Choosing a hero was imperative, and mine was Ronald Reagan. I devoured every book that canonized him and gulped down his 752-page autobiography. I collected his movies: The Hasty Heart, in which an angry Scotsman bests him for the broken heart of an angelic nurse; Bedtime for Bonzo, in which he parents a monkey while accidentally winning the affection of a charming farm girl. But the crown was This Is the Army, a patriotic epic in which Reagan plays an entertainer who joins the army and discovers his assignment is to put on a musical show to boost morale.
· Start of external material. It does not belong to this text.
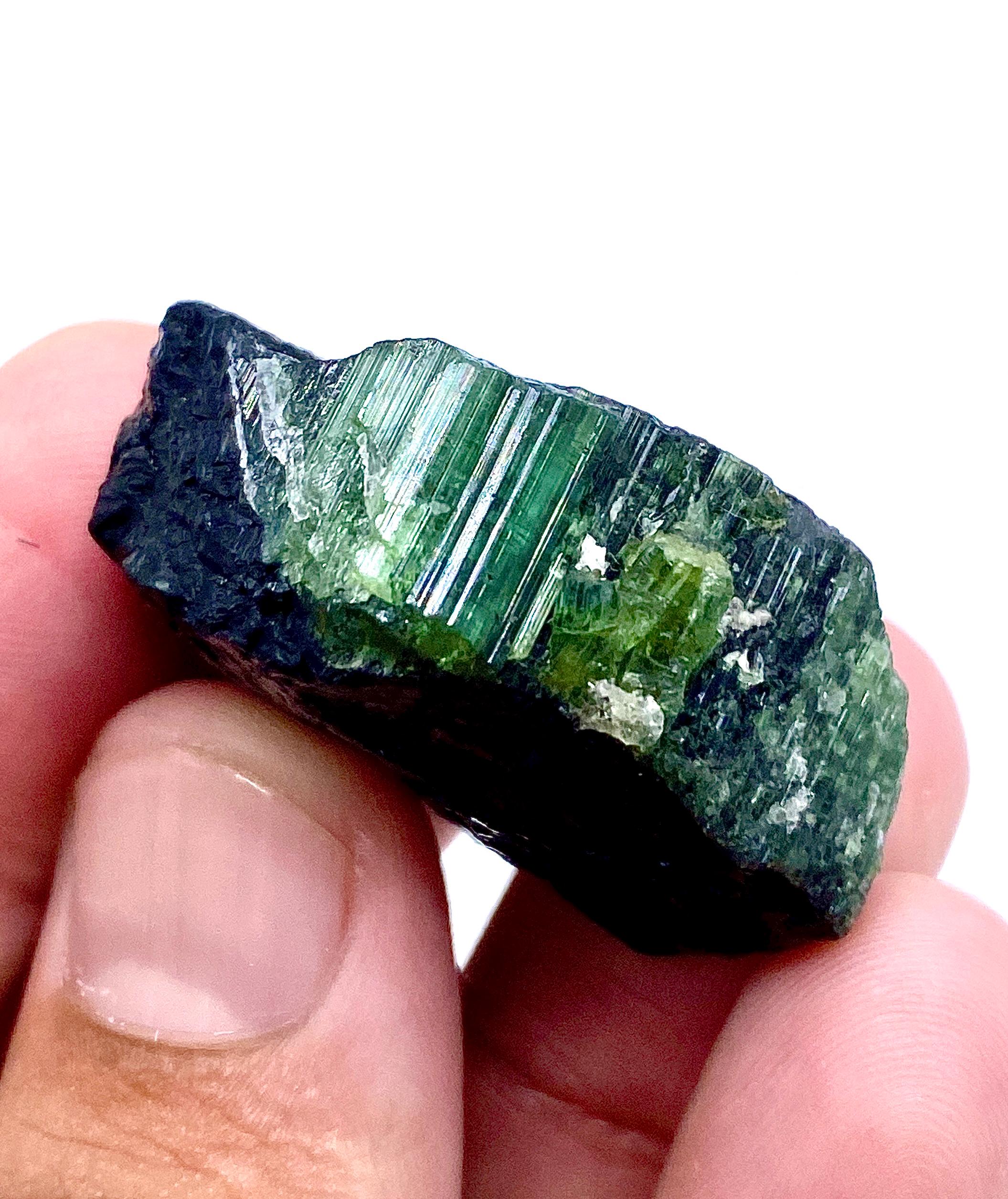 マトリックス上のグリーントルマリン結晶：パキスタン産141カラットの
In my speech class we were debating the greatness of Ronald Reagan not because anyone disagreed he was great but because we had to know our enemies’ arguments if we were to defeat them. Whenever our speech teacher asked, “Why do we learn speech?” my hand shot up: “To learn to give a defense for the hope that’s within us!” I was quoting the apostle Peter, who was speaking of the gospel. But to me the hope of the gospel meant more than the truth that Jesus Christ, fully God and fully man, had come to earth, died on a cross to free us from sin, and then rose on the third day. It also meant the hope of being free from the shackles of government as we worked to redeem the world for Christ through political means. I read Jesus’s words in Luke 4:18: “The Spirit of the Lord is on me, because he has anointed me to preach good news to the poor. He has sent me to proclaim freedom for the prisoners and recovery of sight for the blind, to release the oppressed.”When I heard “freedom” I thought “deregulation of onerous government rules”; when I heard “blind” I thought “blind to the virtue of limited government”; when I heard “oppressed” I thought of children who were not allowed to pray in school and successful rich people whose money was seized by the government. I would whisper, “It is for freedom that Christ set us free,” and would think, Freedom to display the Ten Commandments in a public place!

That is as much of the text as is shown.